Output only the stretch of the listing that starts at the line containing "فورين بولسي تحذر من ثورة ثانية في تونس" and ends at the line containing "De Briques Et De Bois *", reproduced exactly with both ends.

Dataset records:
■ ■ ■ ■
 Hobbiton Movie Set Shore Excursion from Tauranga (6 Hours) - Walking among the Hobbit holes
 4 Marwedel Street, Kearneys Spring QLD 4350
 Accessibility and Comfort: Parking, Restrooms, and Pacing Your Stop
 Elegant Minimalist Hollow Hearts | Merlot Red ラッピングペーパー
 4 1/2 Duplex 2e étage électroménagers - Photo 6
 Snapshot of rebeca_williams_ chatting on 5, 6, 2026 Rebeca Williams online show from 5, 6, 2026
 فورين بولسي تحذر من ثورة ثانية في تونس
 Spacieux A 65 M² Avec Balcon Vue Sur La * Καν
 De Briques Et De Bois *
■ ■ ■ ■
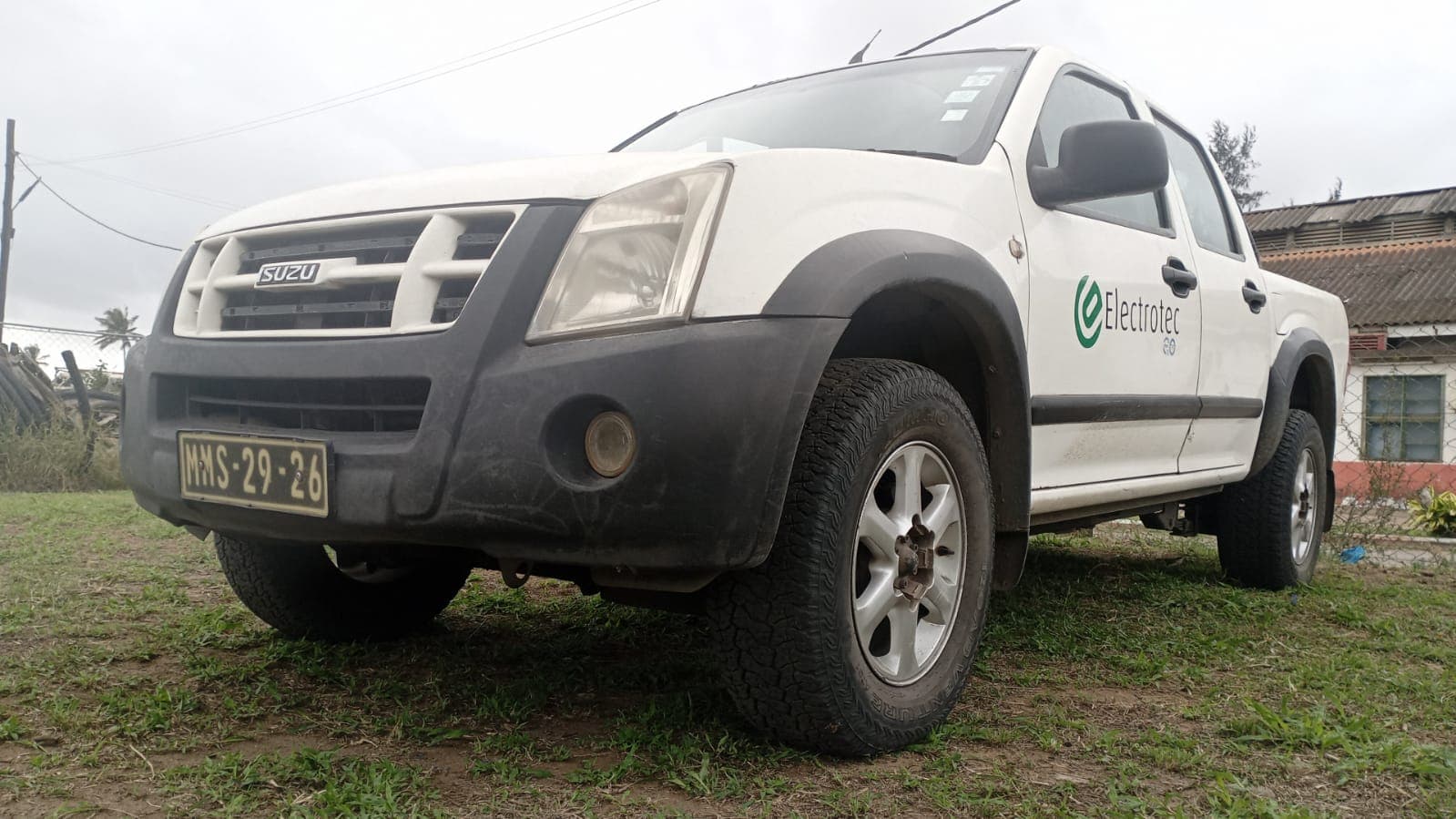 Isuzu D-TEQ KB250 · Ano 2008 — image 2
■ ■ ■ ■
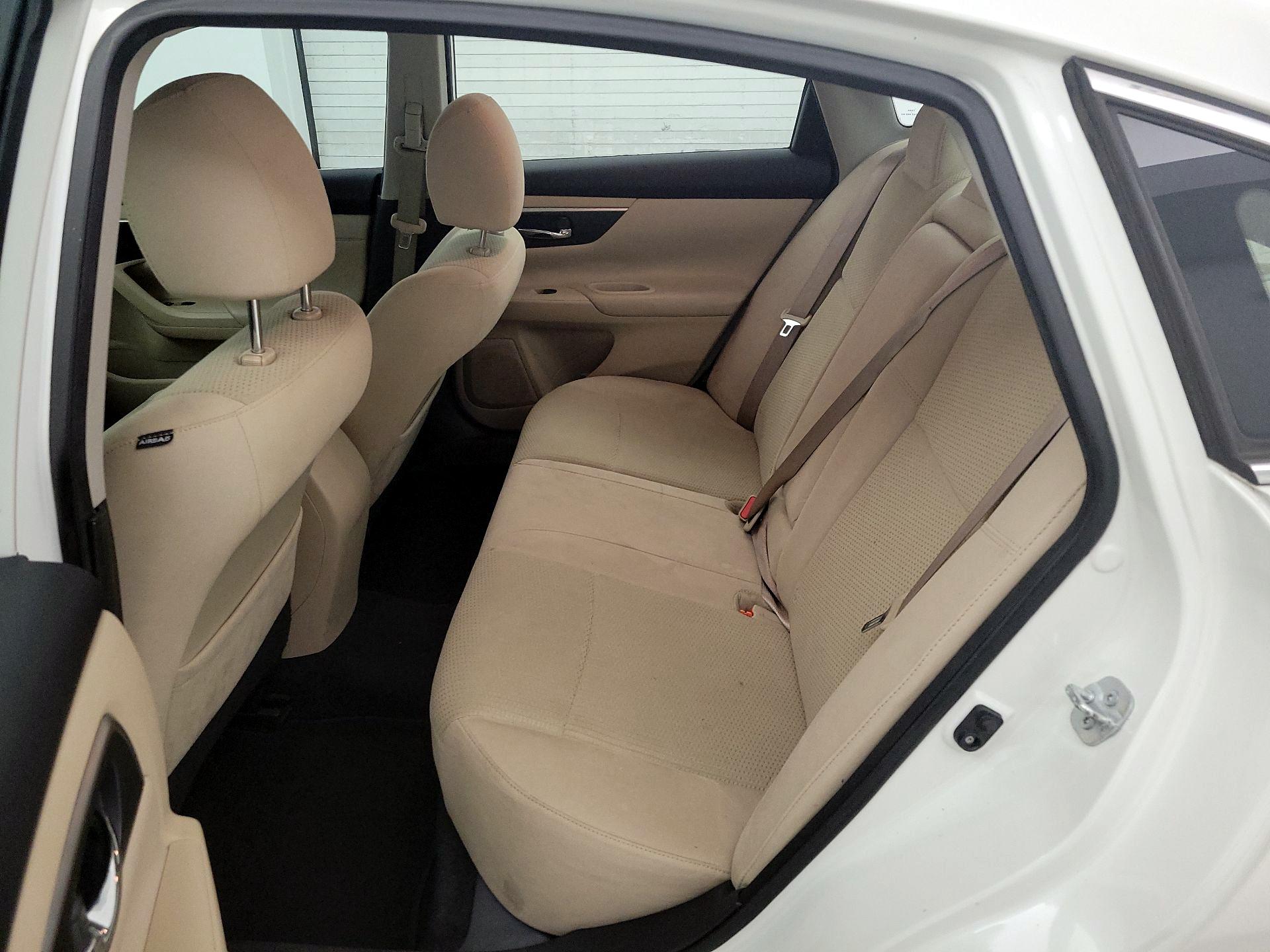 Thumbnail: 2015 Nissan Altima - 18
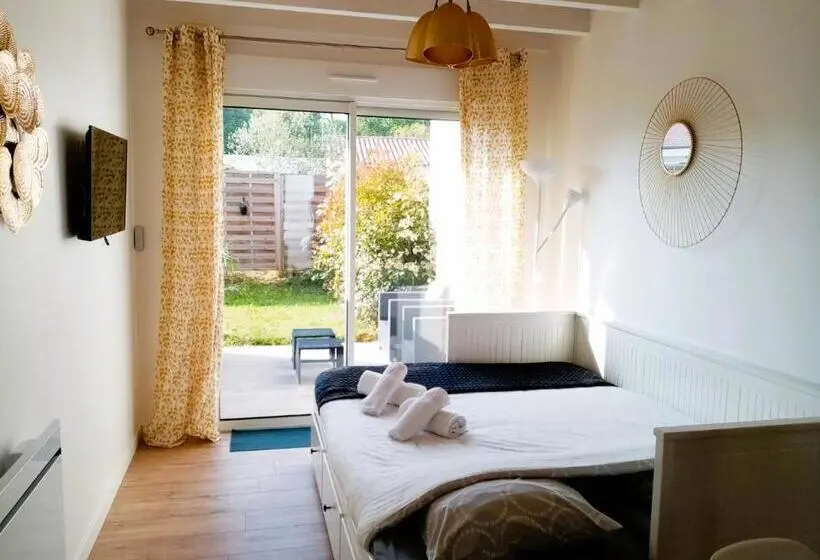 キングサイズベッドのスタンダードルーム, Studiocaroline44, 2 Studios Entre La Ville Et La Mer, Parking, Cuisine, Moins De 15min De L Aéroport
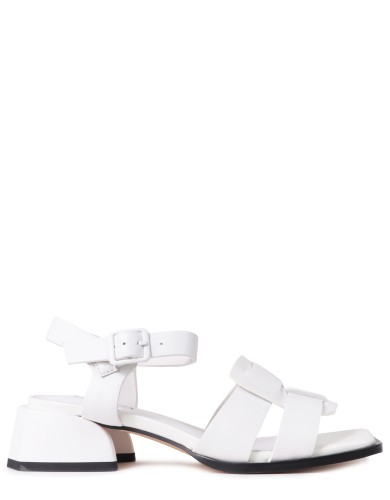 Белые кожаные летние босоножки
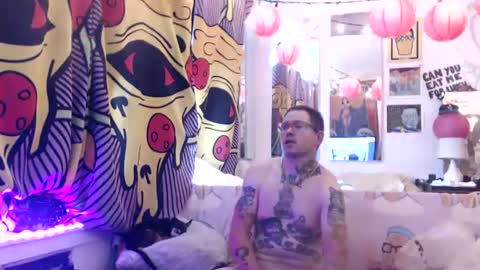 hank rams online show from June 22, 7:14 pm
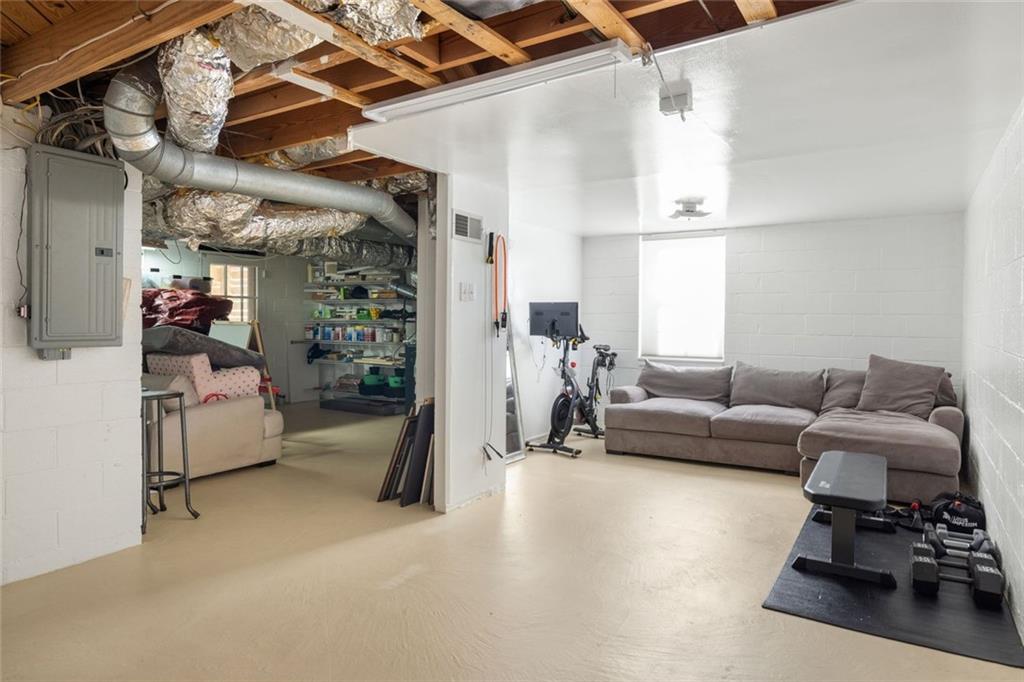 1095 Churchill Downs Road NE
■ ■ ■ ■
Task output:
 فورين بولسي تحذر من ثورة ثانية في تونس
 Spacieux A 65 M² Avec Balcon Vue Sur La * Καν
 De Briques Et De Bois *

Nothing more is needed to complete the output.